BPW Foundation's Women Misbehavin' Blog

Well behaved women never make history

A Lesson to be learned

Posted by YWM on August 31, 2011

Something to think about as school starts.

This true story has been circulating on the Internet and we thought it was worth sharing with our readers.

Back in September of 2005, on the first day of school, Martha Cothren, a social studies school teacher at Robinson High School in Little Rock , did something not to be forgotten. On the first day of school, with the permission of the school superintendent, the principal and the building supervisor, she removed all of the desks out of her classroom.

When the first period kids entered the room they discovered that there were no desks.

‘Ms. Cothren, where are our desks?’

She replied, ‘You can’t have a desk until you tell me how you earn the right to sit at a desk.’

They thought, ‘Well, maybe it’s our grades.’

‘No,’ she said.

‘Maybe it’s our behavior.’

She told them, ‘No, it’s not even your behavior.’

And so, they came and went, the first period, second period, third period.  Still no desks in the classroom.

By early afternoon television news crews had started gathering in Ms.
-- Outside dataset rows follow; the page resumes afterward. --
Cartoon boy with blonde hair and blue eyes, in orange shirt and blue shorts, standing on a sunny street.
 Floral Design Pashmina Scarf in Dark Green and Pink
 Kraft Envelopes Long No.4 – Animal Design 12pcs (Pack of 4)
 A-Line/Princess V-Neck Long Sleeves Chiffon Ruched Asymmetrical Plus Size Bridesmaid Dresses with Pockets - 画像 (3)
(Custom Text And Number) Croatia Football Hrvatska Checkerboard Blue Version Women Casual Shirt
Cothren’s classroom to report about this crazy teacher who had taken all the desks out of her room.

The final period of the day came and as the puzzled students found seats on the floor of the deskless classroom, Martha Cothren said, ‘Throughout the day no one has been able to tell me just what he/she has done to earn the right to sit at the desks that are ordinarily found in this classroom.  Now I am going to tell you.’

At this point, Martha Cothren went over to the door of her classroom and opened it.

Twenty-seven (27) U.S. Veterans, all in uniforms, walked into that classroom, each one carrying a school desk.  The Vets began placing the school desks in rows, and then they would walk over and stand alongside the wall.  By the time the last soldier had set the final desk in place those kids started to understand, perhaps for the first time in their lives, just how the right to sit at those desks had been earned.

Martha said, ‘You didn’t earn the right to sit at these desks.  These heroes did it for you..  They placed the desks here for you. Now, it’s up to you to sit in them. It is your responsibility to learn, to be good students, to be good citizens.  They paid the price so that you could have the freedom to get an education. Don’t ever forget it.’

In 2006, The Veterans of Foreign Wars named Martha Cothren as their “Teacher of the Year.”

As school starts and we continue our daily lives don’t forget that August was the deadliest month yet for U.S. forces in the nearly 10-year war in Afghanistan with 66 of our brave soliders dying so that this nation’s children can start school.   We can thank them by supporting our veterans when they return home from defending our freedoms and the freedoms of others.  Sign up to get updates on the BPW Foundation Joining Forces for Women Veteran’s Mentorship program and lean how you can help.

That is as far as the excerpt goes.